Demystifying Consistent Hashing: A Comprehensive Guide

Demystifying Consistent Hashing: A Comprehensive Guide

Exploring the concept of Consistent Hashing in distributed systems

What is Hashing ?

  • It is a technique to convert data into hash code using a hash function.

  • This hash code is used to uniquely identify the data or map it to a specific memory location.


Why use Hashing ?

  • Efficient storage of data by converting complex data into fixed size hash codes.

  • Fast retrieval of data by mapping hashed values to specific memory locations.

  • Uniform distribution of data.

  • Data integrity:- If 2 hash codes are same, it indicates that data is identical.


Hashing in distributed System

  • In distributed systems, we need a method to evenly distribute the requests among available servers.

  • In naive hashing approach, mapping of keys to server nodes is directly dependent on number of nodes. When a node is added or removed from the system, the entire set of keys needs to be recalculated and redistributed among the remaining nodes.

  • Because of the use of simple rehashing, any change in the cluster size requires reshuffling all data.

  • This inefficiency makes simple rehashing impractical for large-scale distributed systems.


Consistent Hashing

  • This technique used in distributed systems to determine which server node should handle a particular request.

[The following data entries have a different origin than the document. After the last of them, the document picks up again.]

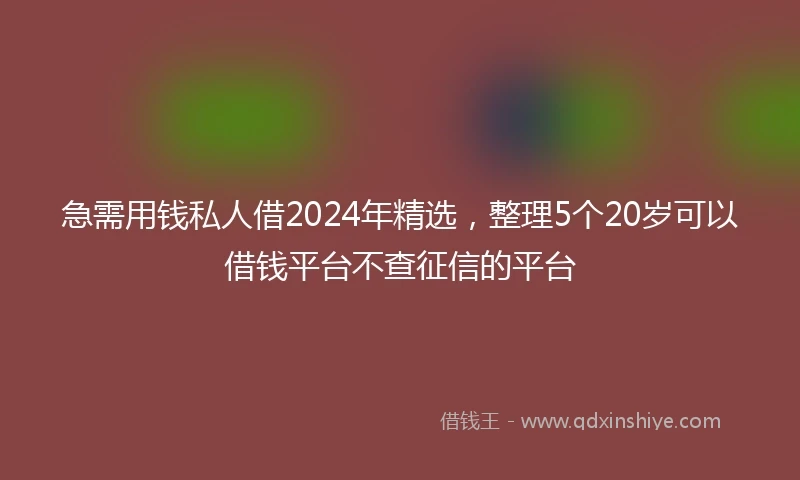 急需用钱私人借2024年精选，整理5个20岁可以借钱平台不查征信的平台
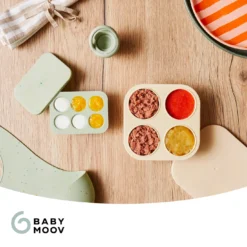 Gefrierbehälter für Babybrei & Fruchtsauger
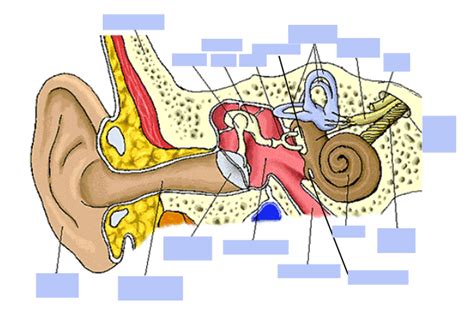 The Outer Middle And Inner Ear Module 2 Diagram Quizlet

  • It involves representing both the server nodes and the requests on a virtual ring structure called a hash ring.

  • The ring is imagined to have an infinite number of points, and server nodes are placed at random locations on this ring using a hash function. Similarly, requests are also placed on the ring using the same hash function.

  • The decision about which server node serves a request is made based on the clockwise traversal of the ring. The request is assigned to the first server node encountered in this traversal whose address is greater than the address of the request.

  • Each server node effectively "owns" a range of the hash ring, and any requests falling within this range will be served by that node.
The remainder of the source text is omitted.